Is there any empirical research comparing methods and performance of various regularization methods?
 A: Let consider a penalized linear model.
The $L_0$ penalty is not very used and is often replaced by the $L_1$ norm that is mathematically more flexible. 
The $L_1$ regularization has the property to build a sparse model. This means that only few variables will have  a  non 0 regression coefficient.  It is particularly used if you assume that only few variables have a real impact on the output variables. 
If there are very correlated variables only one of these will be selected with a non 0 coefficient. 

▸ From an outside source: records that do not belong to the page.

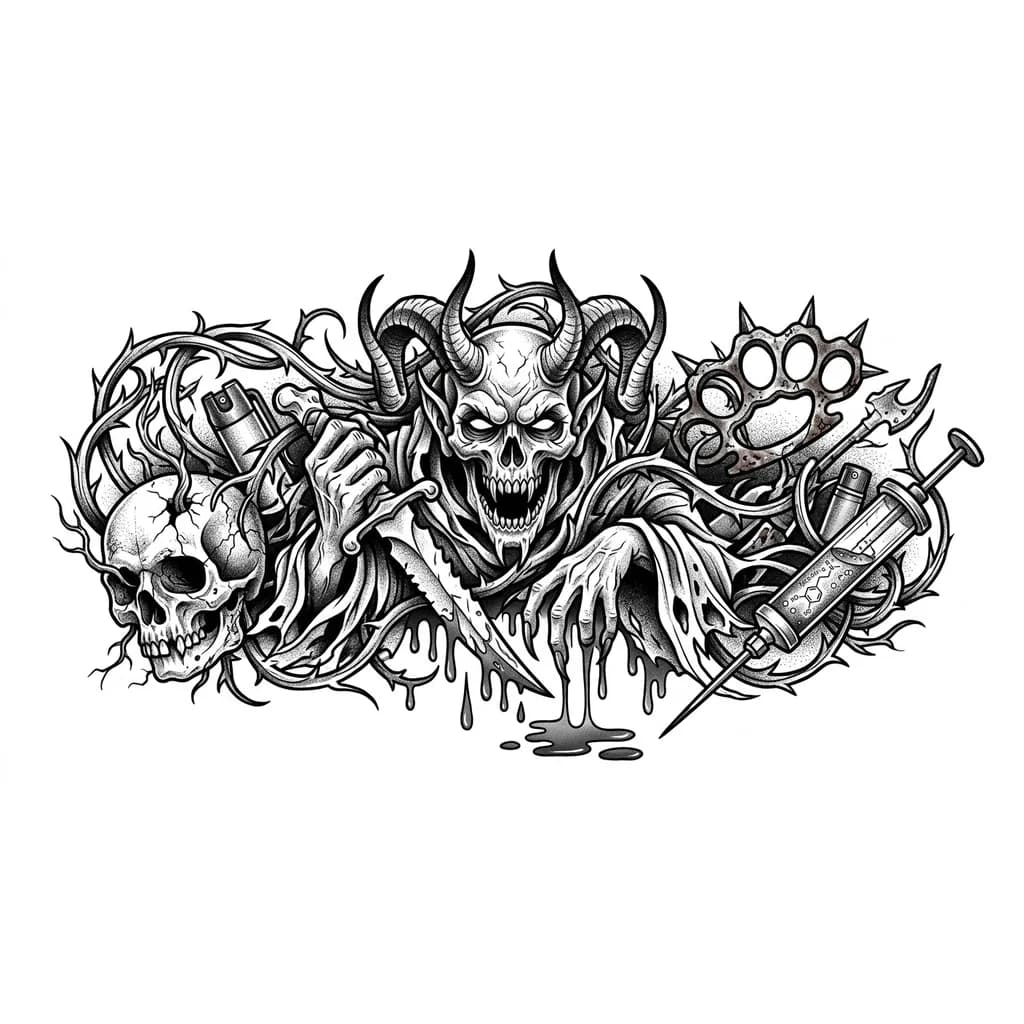 Нож, перцовый баллончик кастет и формула адреналина 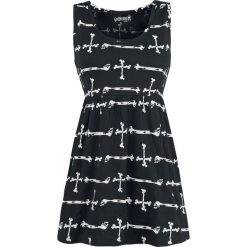 Gothicana by EMP Restless Top damski czarny. Czarne bluzki damskie marki Gothicana by EMP, xl, z nadrukiem, bez kołnierzyka, bez rękawów. Za 94,90 zł.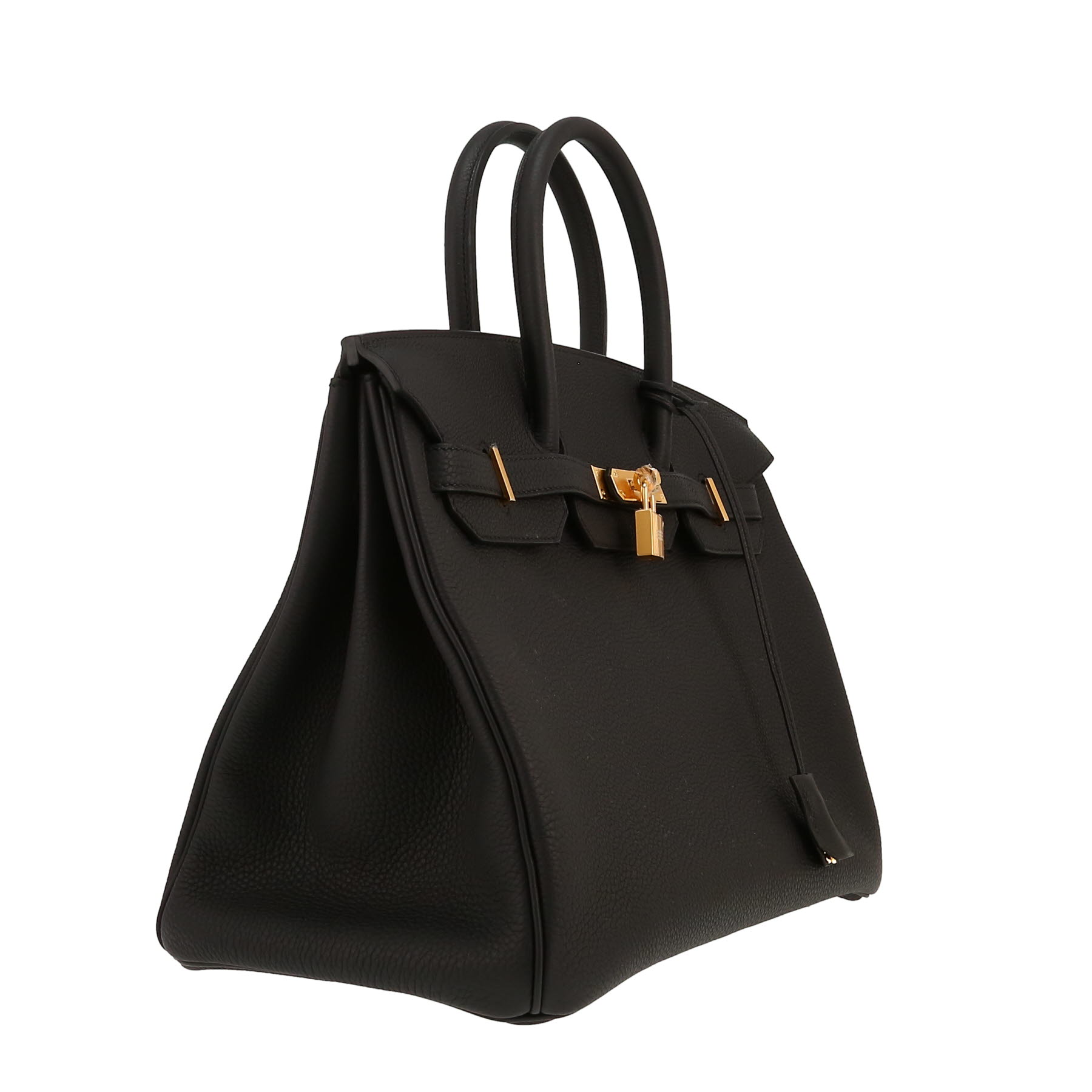 Hermès  Birkin 35 cm handbag  in black togo leather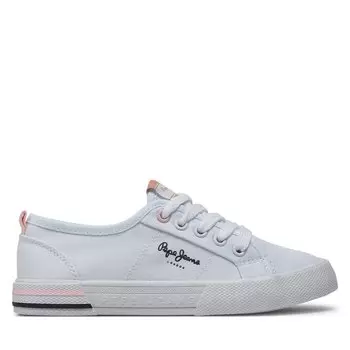 Кроссовки Pepe Jeans Brady Basic G PGS30604 White 800, белый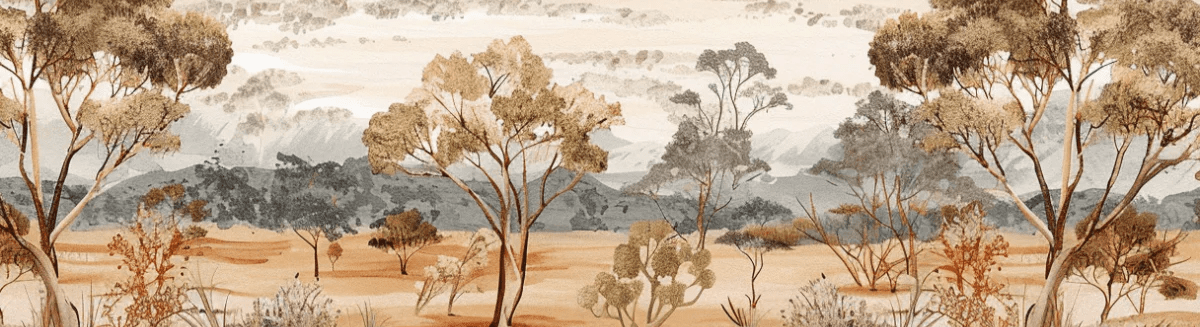 Horizon Australien - Illulart: Papier peint panoramique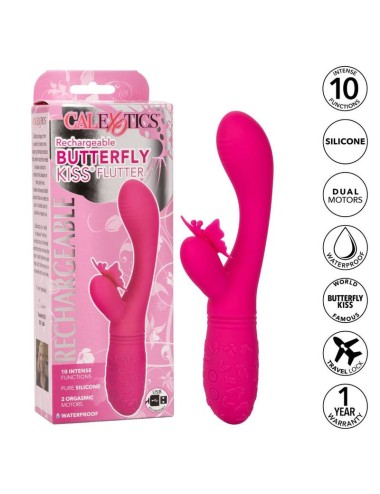 CALIFORNIA EXOTICS BUTTERFLY KISS FLUTTER ROSA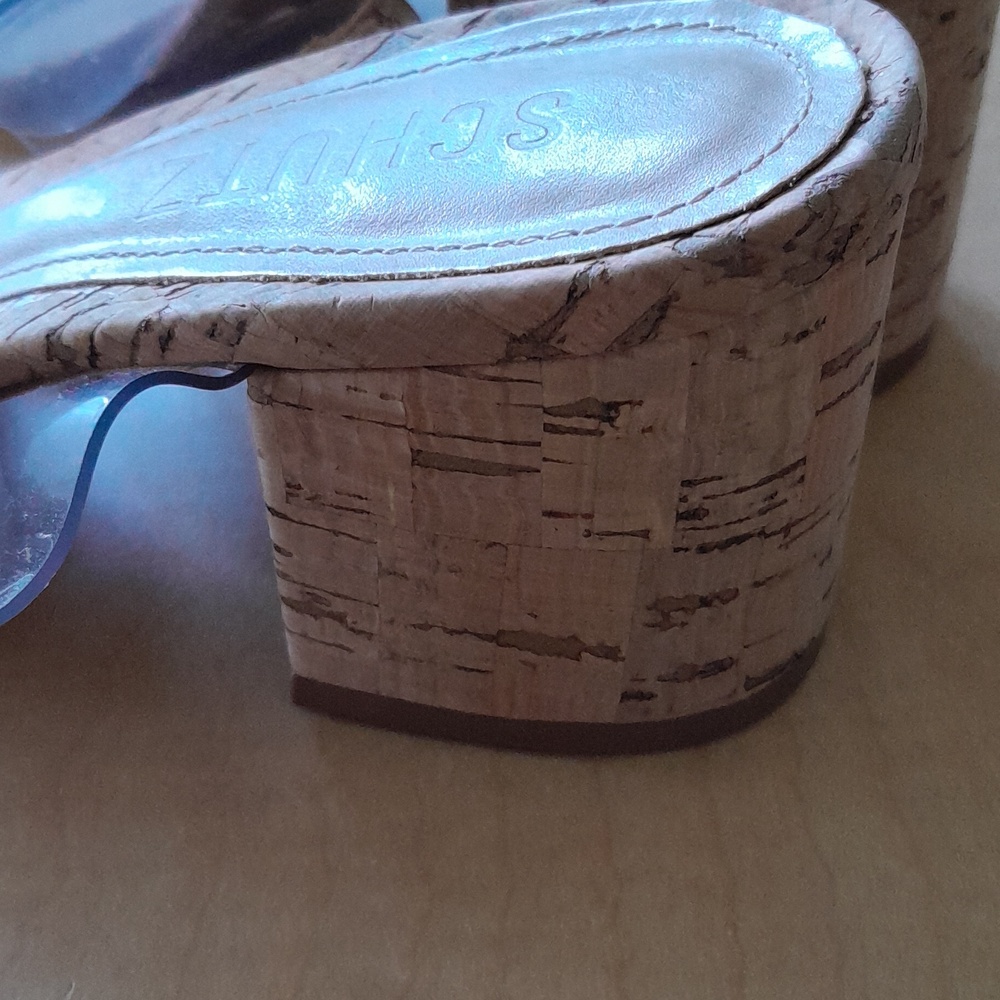 SCHULTZ VICTORIE CORK Block Heels Size 6.5 - Picture 9 of 16
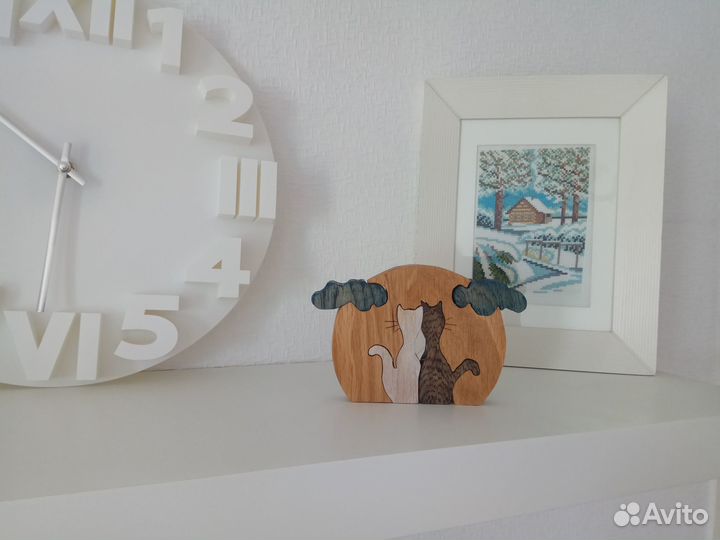 Семейный пазл из дерева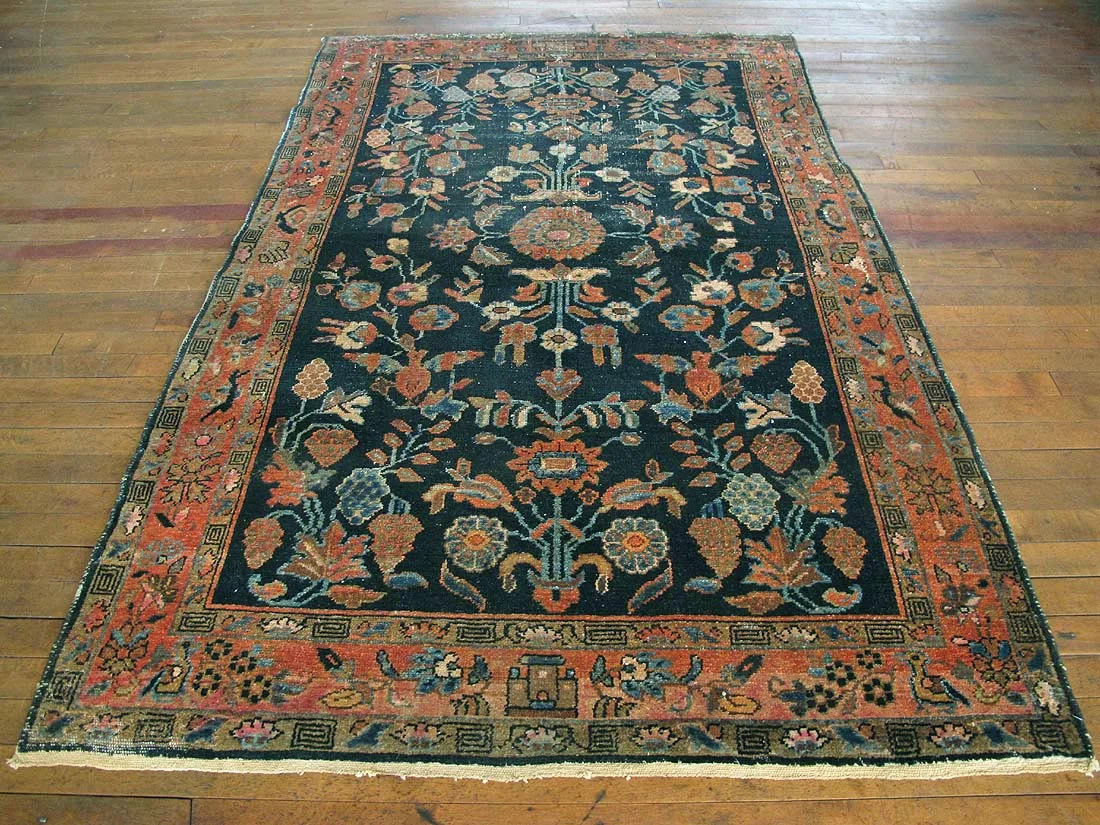 Persian Malayer Rug 4'3"x6'6"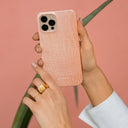 Pink Croco - OnePlus 9 ケース 7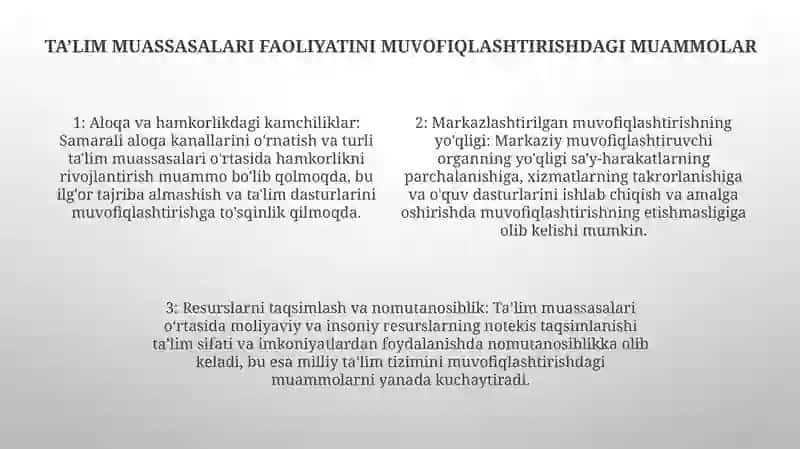 Yoshlarni Milliy Goya Ruhida Tarbiyalashning Institutsional Tizimi Faoliyatini Muvofiqlashtirish Masalalari 3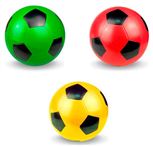 Мяч Р2-200Ц д200 Футбол (красный,желтый,зелёный) (8шт.в мешке)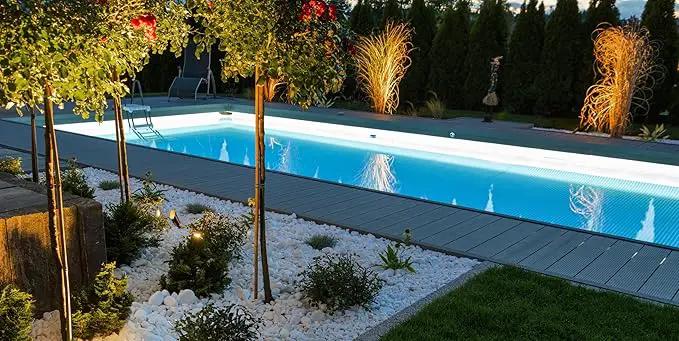 GKOLED Solid Brass Spotlight Low Voltage Landscape Lighting, LED Outdoor Lights for Garden Patio Yard, Directional Up and Down Light with 5W MR16 Bulb, 12V 2700K Warm White, 2 Pack by GreenHaven Gardens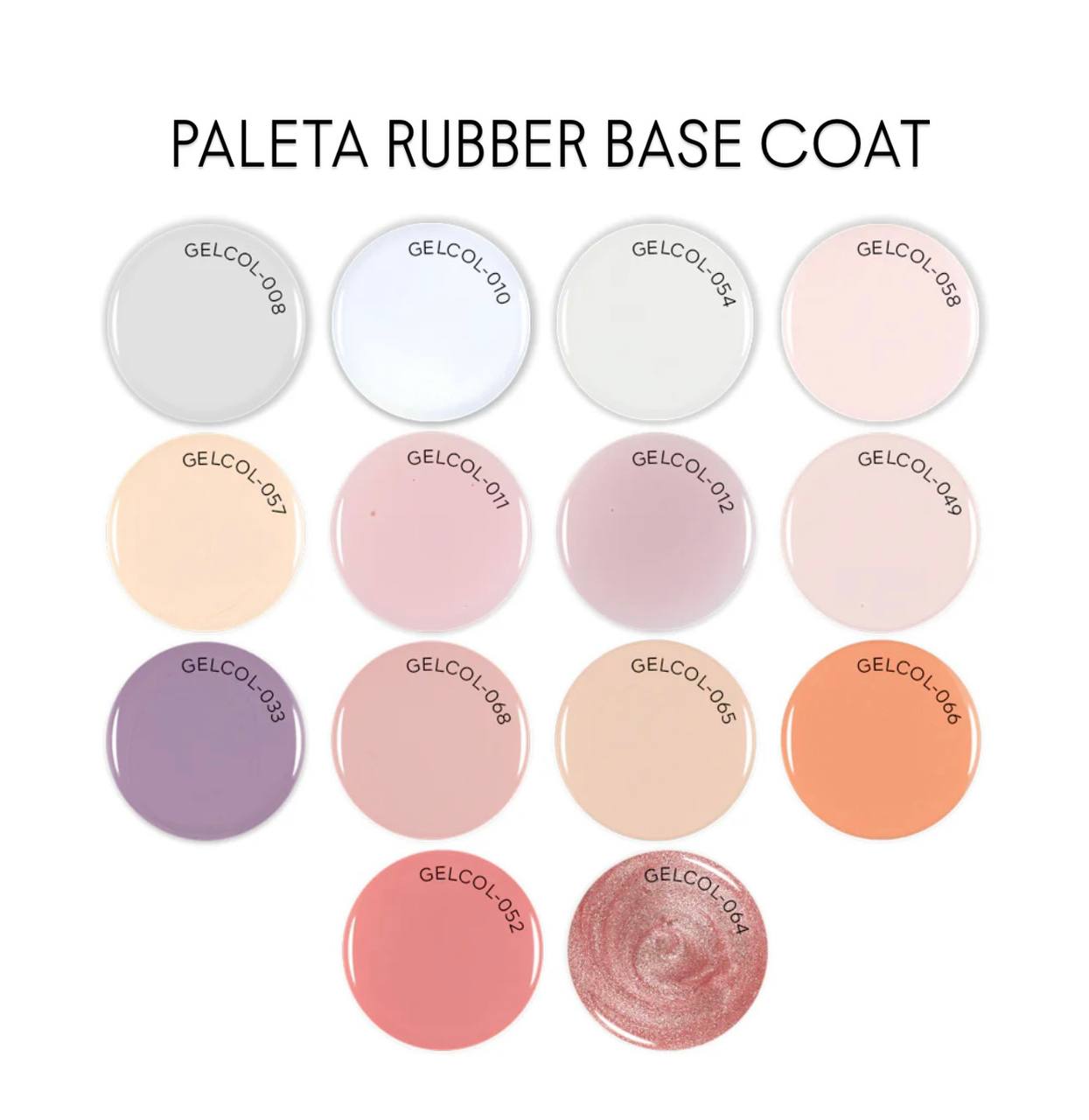 Gel Color - Rubber Base Coat - Sparkly ginger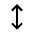 Height Icon from Sharp Line - Material Symbols Set
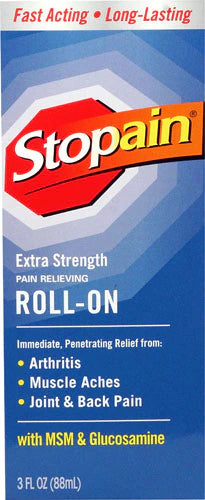 Stopain Extra Strength Pain Relieving Roll-On 3fl oz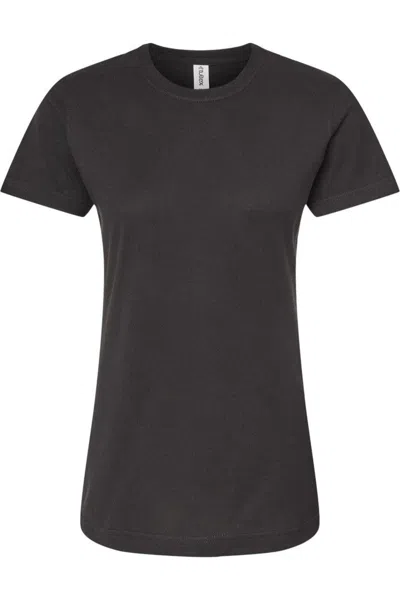 Tultex Women´s Classic Fit Fine Jersey T-shirt In Black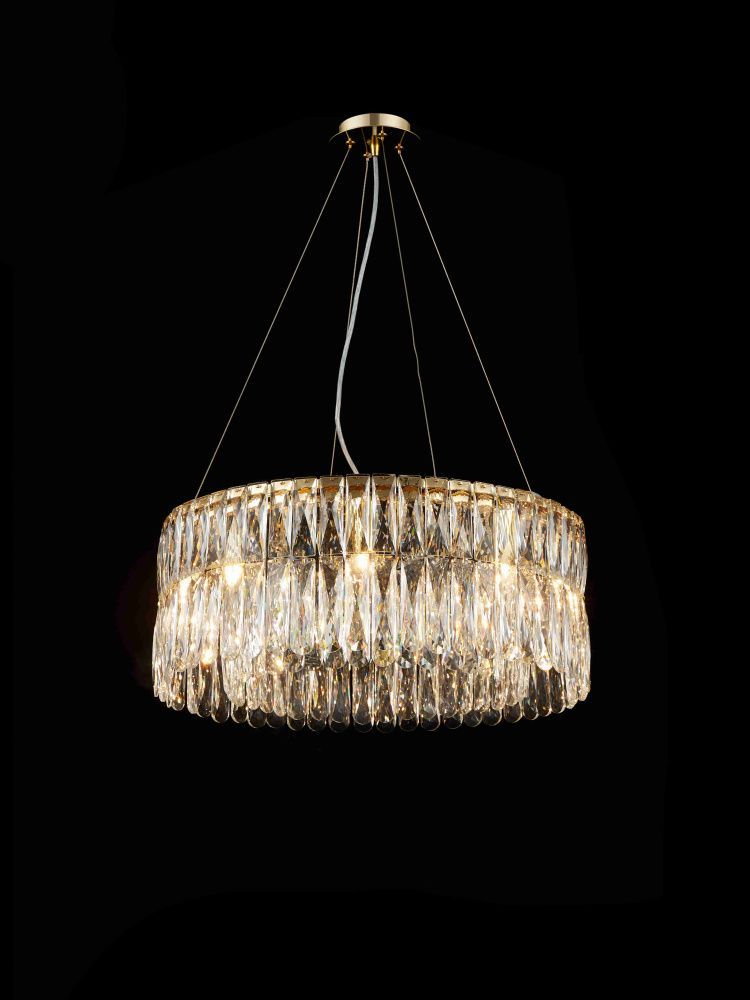 M22-ф600*H220 CHROME Люстра NW 8*40W (320W)*E14, Ø600 x H220 (1000), NewRgy CHROME (Хром)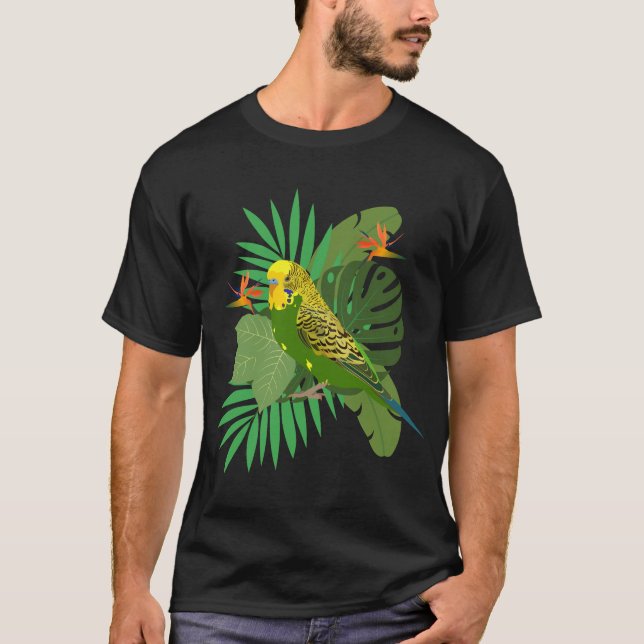 Camiseta Periquito com folhas (Frente)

The $L_2$ penalty is like if you add a value $\lambda$ on the diagonal of the input matrix. It can be used for example in situations where the number of variables is larger than the number of samples. In order to obtain a square matrix. 
 With the $L_2$ norm penalty all the variables have non zero regression coefficient. 
A: A few additions to the answer of @Donbeo
1) The L0 norm is not a norm in the true sense. It is the number of non zero entries in a vector. This norm is clearly not a convex norm and is not a norm in the true sense. Hence you might see terms like L0 'norm'. It becomes a combinatorial problem and is hence NP hard.
2) The L1 norm gives a sparse solution (look up the LASSO). There are seminal results by Candes, Donoho etc. who show that if the true solution is really sparse the L1 penalized methods will recover it. If the underlying solution is not sparse you will not get the underlying solution in cases when p>>n. There are nice results which show that the Lasso is consistent. 
3) There are methods like the Elastic net by Zhou and Hastie which combine L2 and L1 penalized solutions.